■ Your objective
Repeat the data that follows in full. Do not include the pictures.

[Excerpts from a dataset]
· · ·

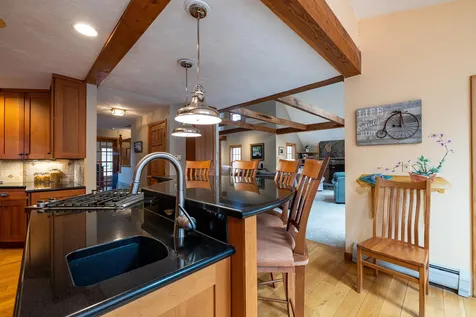 11 Victoria Drive Hampton Falls NH 03844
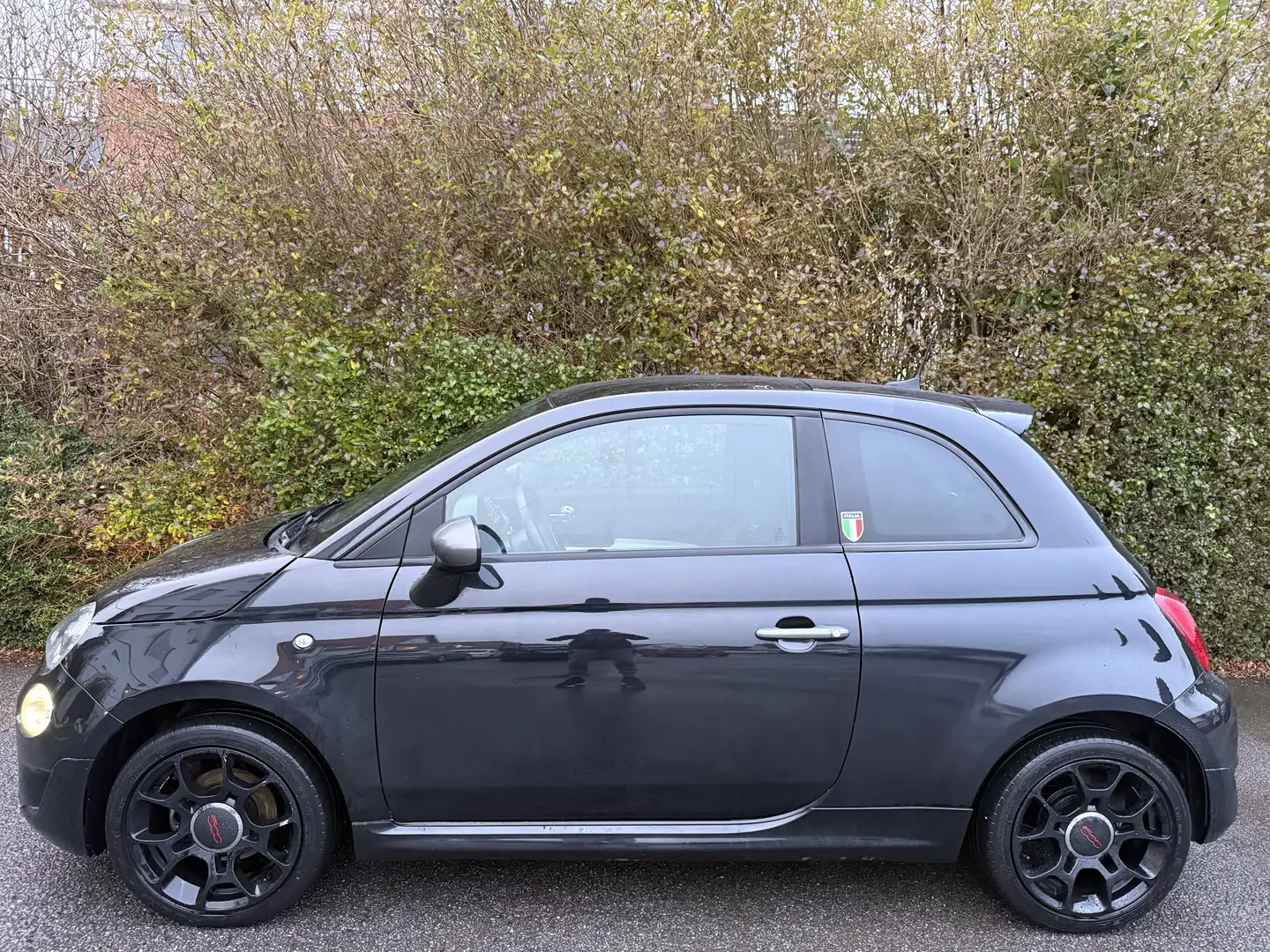 Fiat 500 1.2i Sport+CARPLAY+TOIT PANO+JANTES+EURO 6B Negro - 2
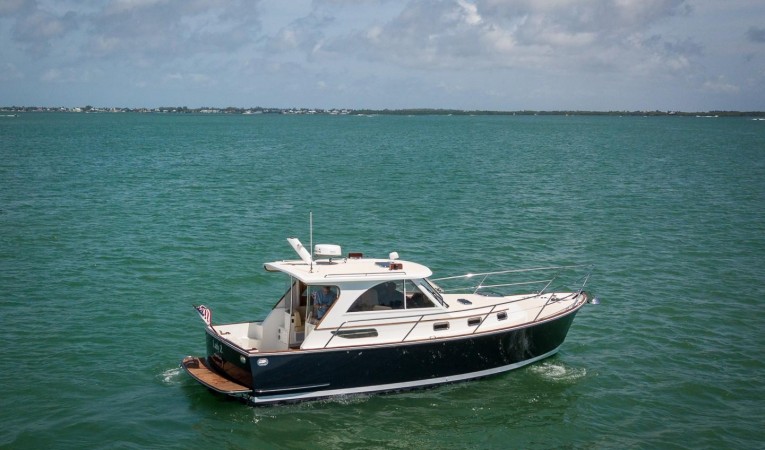 32 Legacy Yachts Starboard Profile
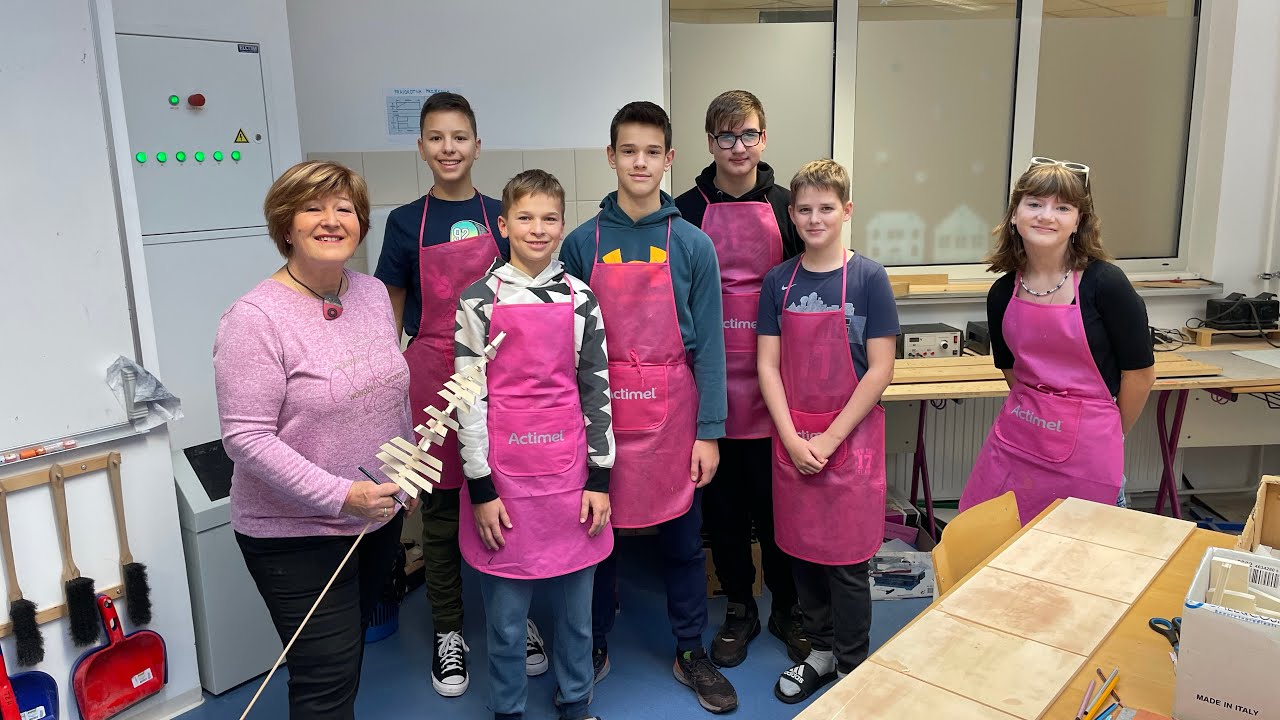 OŠ J. Dalmatina KK - Božični Dan Šole 2023 🎄🎄🎄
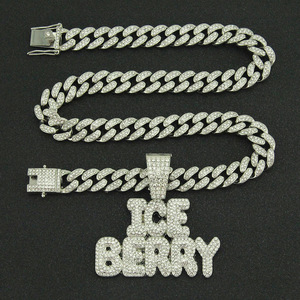 สร้อยคอจี้ตัวอักษรโลหะผสมสไตล์ฮิปฮอปสุดเท่ ขายดีประจำปี 2026 สร้อยคอผู้ชายแนวสตรีทสุดคูล เครื่องประดับแฟชั่นขายส่ง - Product Image 4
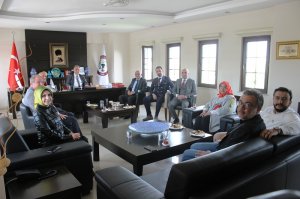 BURSA ECZA KOOPERATİFİ YÖNETİCİLERİNİN ODAMIZI ZİYARETİ HAKKINDA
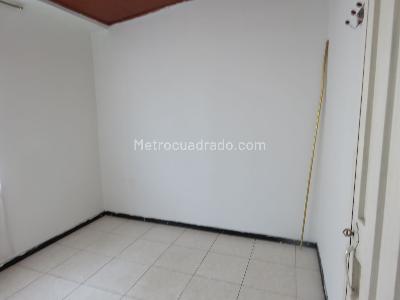 Casa de 5 alcobas en venta en El Tejar, Bogotá, 288 m² · foto 12 de 18
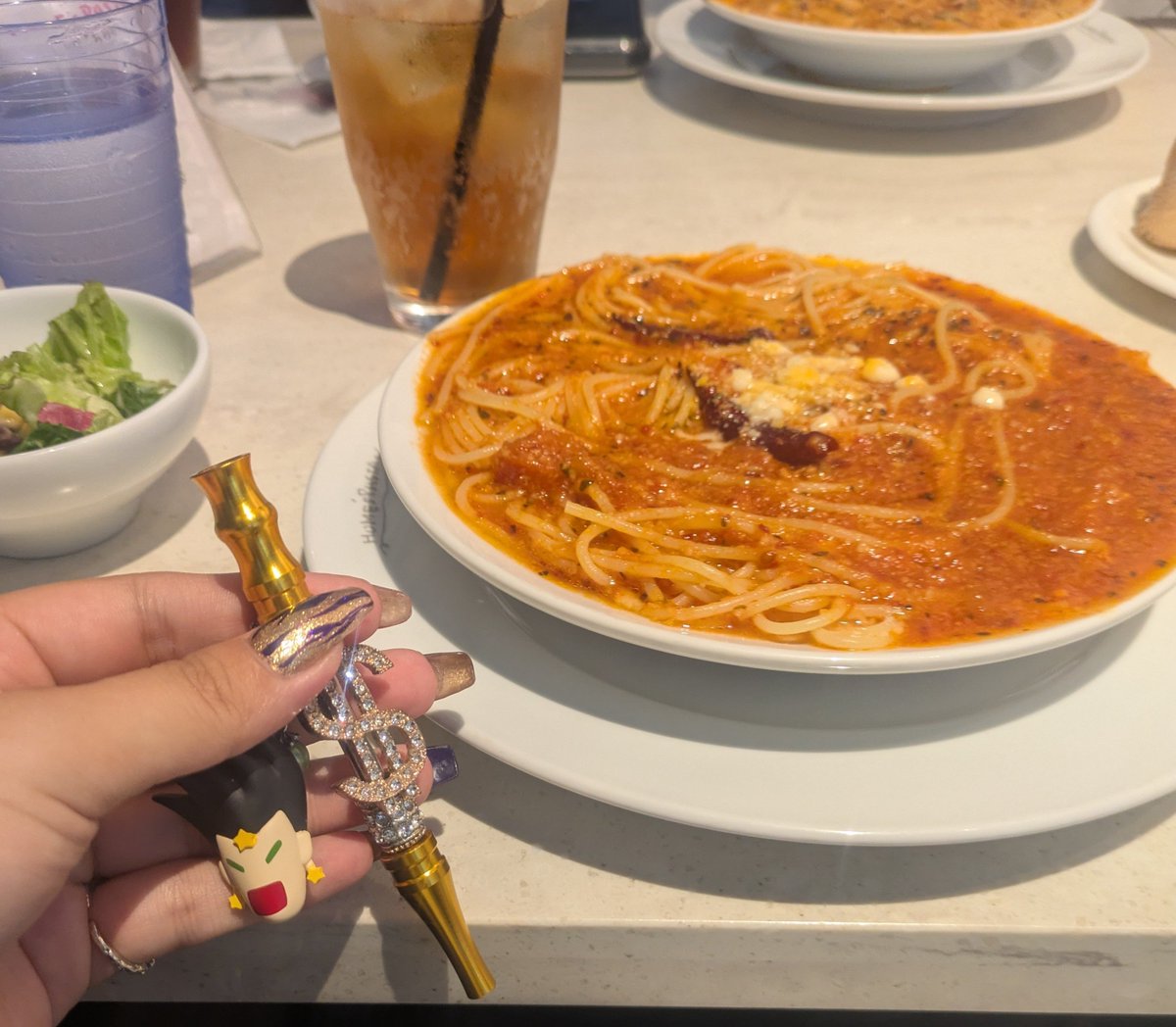 hm8_guru's tweet photo. 昨日の〜
めんどくてシーシャマウスピースごと撮ってるマンしてた https://t.co/zXeSrIynjR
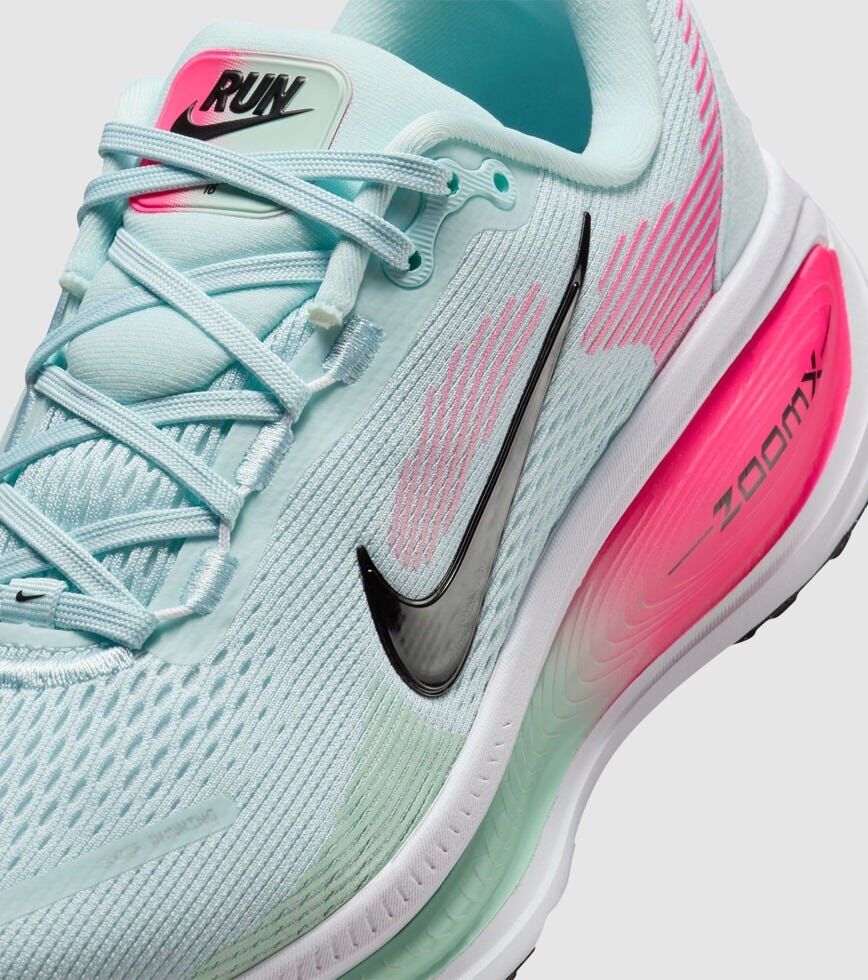 Nike Vomero 18 Womens Road Running Shoes - Glacier Blue (Athletic Sneakers/Runners)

· · ·

■ Solution below
 11 Victoria Drive Hampton Falls NH 03844
 Fiat 500 1.2i Sport+CARPLAY+TOIT PANO+JANTES+EURO 6B Negro - 2
 32 Legacy Yachts Starboard Profile
 OŠ J. Dalmatina KK - Božični Dan Šole 2023 🎄🎄🎄
 สร้อยคอจี้ตัวอักษรโลหะผสมสไตล์ฮิปฮอปสุดเท่ ขายดีประจำปี 2026 สร้อยคอผู้ชายแนวสตรีทสุดคูล เครื่องประดับแฟชั่นขายส่ง - Product Image 4
 BURSA ECZA KOOPERATİFİ YÖNETİCİLERİNİN ODAMIZI ZİYARETİ HAKKINDA
 Casa de 5 alcobas en venta en El Tejar, Bogotá, 288 m² · foto 12 de 18
 hm8_guru's tweet photo. 昨日の〜
めんどくてシーシャマウスピースごと撮ってるマンしてた https://t.co/zXeSrIynjR
 Nike Vomero 18 Womens Road Running Shoes - Glacier Blue (Athletic Sneakers/Runners)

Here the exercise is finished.